Assignment >> Output all of the records exactly as written.

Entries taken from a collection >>
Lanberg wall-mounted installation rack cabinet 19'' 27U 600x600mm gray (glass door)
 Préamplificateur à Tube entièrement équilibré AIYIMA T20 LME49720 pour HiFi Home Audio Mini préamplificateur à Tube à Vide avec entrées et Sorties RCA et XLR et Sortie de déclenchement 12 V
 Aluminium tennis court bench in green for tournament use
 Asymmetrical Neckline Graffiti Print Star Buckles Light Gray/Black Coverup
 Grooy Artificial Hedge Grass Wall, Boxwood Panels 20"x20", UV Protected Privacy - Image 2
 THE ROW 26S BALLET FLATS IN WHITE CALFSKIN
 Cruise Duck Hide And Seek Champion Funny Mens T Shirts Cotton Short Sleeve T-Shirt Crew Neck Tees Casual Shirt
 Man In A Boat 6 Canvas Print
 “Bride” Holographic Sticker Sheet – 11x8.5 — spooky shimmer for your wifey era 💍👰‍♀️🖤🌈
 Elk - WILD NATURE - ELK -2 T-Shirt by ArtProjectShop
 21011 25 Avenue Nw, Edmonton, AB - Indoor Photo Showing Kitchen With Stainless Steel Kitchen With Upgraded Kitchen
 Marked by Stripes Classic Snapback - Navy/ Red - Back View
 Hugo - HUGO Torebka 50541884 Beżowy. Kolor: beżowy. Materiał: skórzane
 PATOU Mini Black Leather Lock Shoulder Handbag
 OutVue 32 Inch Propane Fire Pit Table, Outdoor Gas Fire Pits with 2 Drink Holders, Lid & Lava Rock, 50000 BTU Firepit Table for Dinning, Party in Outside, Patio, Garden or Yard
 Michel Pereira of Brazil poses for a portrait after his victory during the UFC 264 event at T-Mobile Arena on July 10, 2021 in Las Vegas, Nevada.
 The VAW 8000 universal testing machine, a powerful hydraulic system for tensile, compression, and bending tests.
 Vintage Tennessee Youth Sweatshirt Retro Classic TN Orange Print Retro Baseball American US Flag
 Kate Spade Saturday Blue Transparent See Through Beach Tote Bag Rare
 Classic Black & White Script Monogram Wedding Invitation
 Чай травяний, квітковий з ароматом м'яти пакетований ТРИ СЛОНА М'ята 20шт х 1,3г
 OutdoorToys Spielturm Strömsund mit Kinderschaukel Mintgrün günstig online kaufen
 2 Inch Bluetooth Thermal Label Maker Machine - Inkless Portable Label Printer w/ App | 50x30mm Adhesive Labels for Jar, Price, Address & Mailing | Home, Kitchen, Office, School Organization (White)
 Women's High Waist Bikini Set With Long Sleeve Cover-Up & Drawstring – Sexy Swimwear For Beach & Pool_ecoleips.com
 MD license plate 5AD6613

Your response >>
Lanberg wall-mounted installation rack cabinet 19'' 27U 600x600mm gray (glass door)
 Préamplificateur à Tube entièrement équilibré AIYIMA T20 LME49720 pour HiFi Home Audio Mini préamplificateur à Tube à Vide avec entrées et Sorties RCA et XLR et Sortie de déclenchement 12 V
 Aluminium tennis court bench in green for tournament use
 Asymmetrical Neckline Graffiti Print Star Buckles Light Gray/Black Coverup
 Grooy Artificial Hedge Grass Wall, Boxwood Panels 20"x20", UV Protected Privacy - Image 2
 THE ROW 26S BALLET FLATS IN WHITE CALFSKIN
 Cruise Duck Hide And Seek Champion Funny Mens T Shirts Cotton Short Sleeve T-Shirt Crew Neck Tees Casual Shirt
 Man In A Boat 6 Canvas Print
 “Bride” Holographic Sticker Sheet – 11x8.5 — spooky shimmer for your wifey era 💍👰‍♀️🖤🌈
 Elk - WILD NATURE - ELK -2 T-Shirt by ArtProjectShop
 21011 25 Avenue Nw, Edmonton, AB - Indoor Photo Showing Kitchen With Stainless Steel Kitchen With Upgraded Kitchen
 Marked by Stripes Classic Snapback - Navy/ Red - Back View
 Hugo - HUGO Torebka 50541884 Beżowy. Kolor: beżowy. Materiał: skórzane
 PATOU Mini Black Leather Lock Shoulder Handbag
 OutVue 32 Inch Propane Fire Pit Table, Outdoor Gas Fire Pits with 2 Drink Holders, Lid & Lava Rock, 50000 BTU Firepit Table for Dinning, Party in Outside, Patio, Garden or Yard
 Michel Pereira of Brazil poses for a portrait after his victory during the UFC 264 event at T-Mobile Arena on July 10, 2021 in Las Vegas, Nevada.
 The VAW 8000 universal testing machine, a powerful hydraulic system for tensile, compression, and bending tests.
 Vintage Tennessee Youth Sweatshirt Retro Classic TN Orange Print Retro Baseball American US Flag
 Kate Spade Saturday Blue Transparent See Through Beach Tote Bag Rare
 Classic Black & White Script Monogram Wedding Invitation
 Чай травяний, квітковий з ароматом м'яти пакетований ТРИ СЛОНА М'ята 20шт х 1,3г
 OutdoorToys Spielturm Strömsund mit Kinderschaukel Mintgrün günstig online kaufen
 2 Inch Bluetooth Thermal Label Maker Machine - Inkless Portable Label Printer w/ App | 50x30mm Adhesive Labels for Jar, Price, Address & Mailing | Home, Kitchen, Office, School Organization (White)
 Women's High Waist Bikini Set With Long Sleeve Cover-Up & Drawstring – Sexy Swimwear For Beach & Pool_ecoleips.com
 MD license plate 5AD6613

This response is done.